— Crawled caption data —
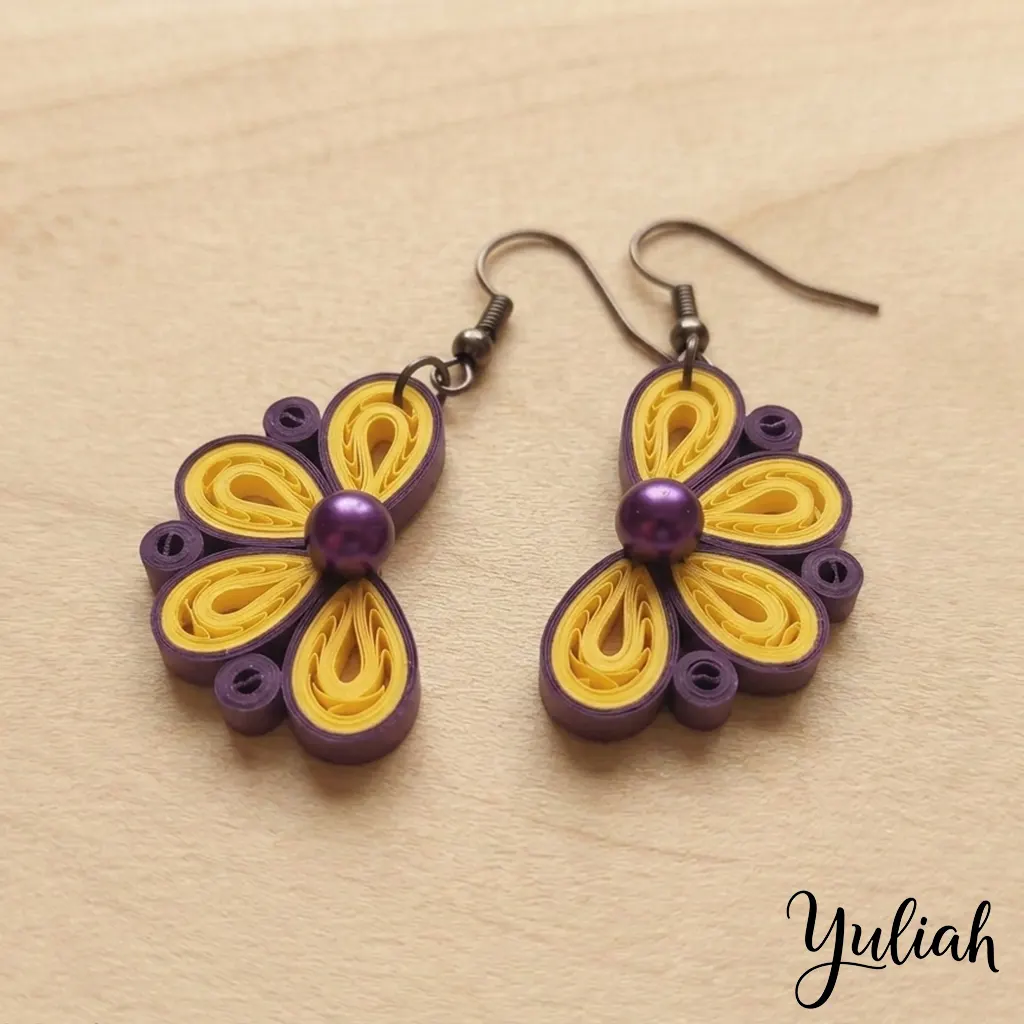 Twin Breeze Purple Yellow Floral Dangle Earrings 2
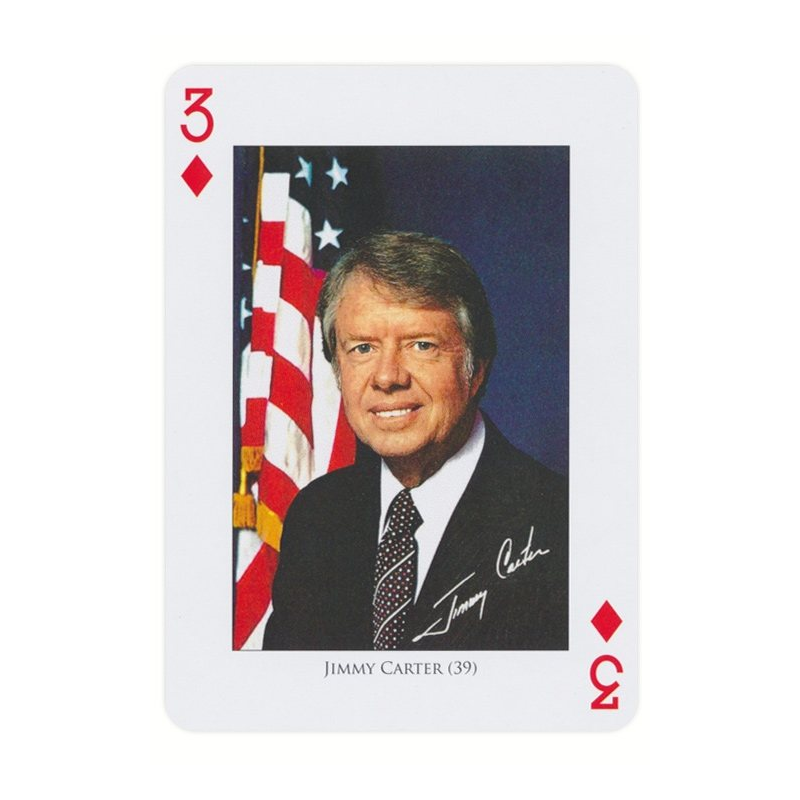 Piatnik Presidents playing card: Jimmy Carter, Three of Diamonds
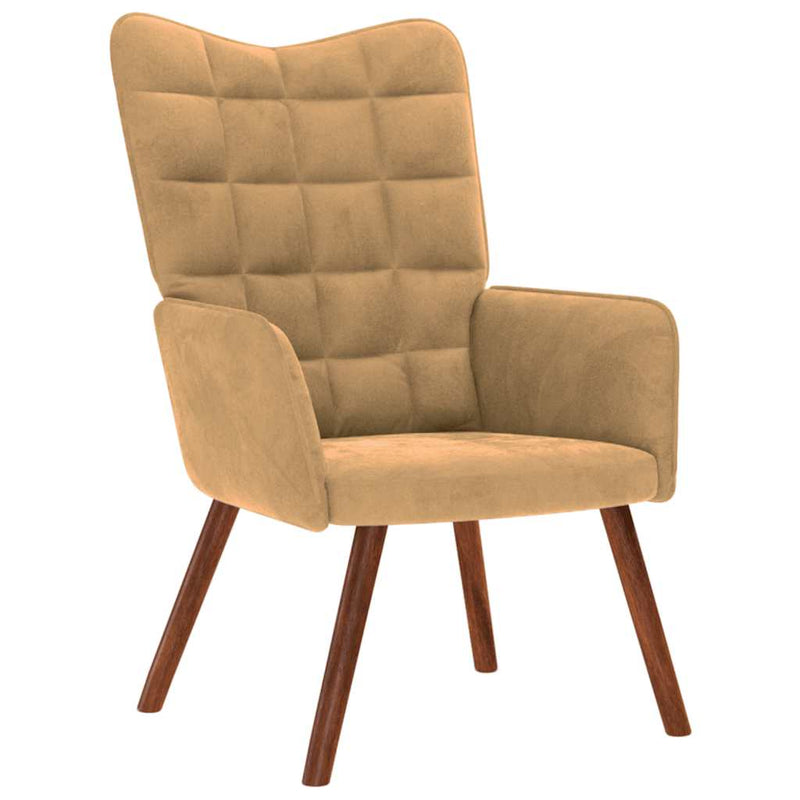 vidaXL barna bársony pihenőfotel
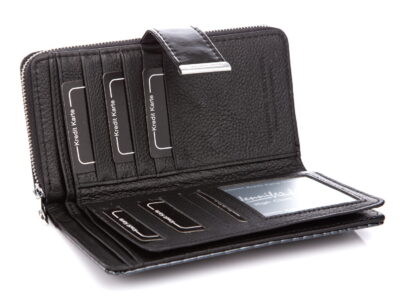 Duży portfel damski czarny lakierowany Jennifer Jones - obrazek 4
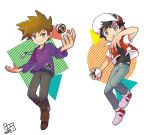 2boys bangs baseball_cap belt black_shirt blue_oak bo9_(bo9_nc) boot_straps boots brown_eyes brown_footwear brown_hair commentary_request grin hat holding holding_poke_ball jacket long_sleeves male_focus multiple_boys pants pants_tucked_in poke_ball pokemon pokemon_(game) pokemon_rgby purple_shirt red_(pokemon) red_headwear shirt shoes short_hair short_sleeves smile spiked_hair teeth ultra_ball white_footwear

— Task description —
The data above must be copied exactly. Leave out the pictures.

— Result —
 Twin Breeze Purple Yellow Floral Dangle Earrings 2
 Piatnik Presidents playing card: Jimmy Carter, Three of Diamonds
 vidaXL barna bársony pihenőfotel
 Duży portfel damski czarny lakierowany Jennifer Jones - obrazek 4
 2boys bangs baseball_cap belt black_shirt blue_oak bo9_(bo9_nc) boot_straps boots brown_eyes brown_footwear brown_hair commentary_request grin hat holding holding_poke_ball jacket long_sleeves male_focus multiple_boys pants pants_tucked_in poke_ball pokemon pokemon_(game) pokemon_rgby purple_shirt red_(pokemon) red_headwear shirt shoes short_hair short_sleeves smile spiked_hair teeth ultra_ball white_footwear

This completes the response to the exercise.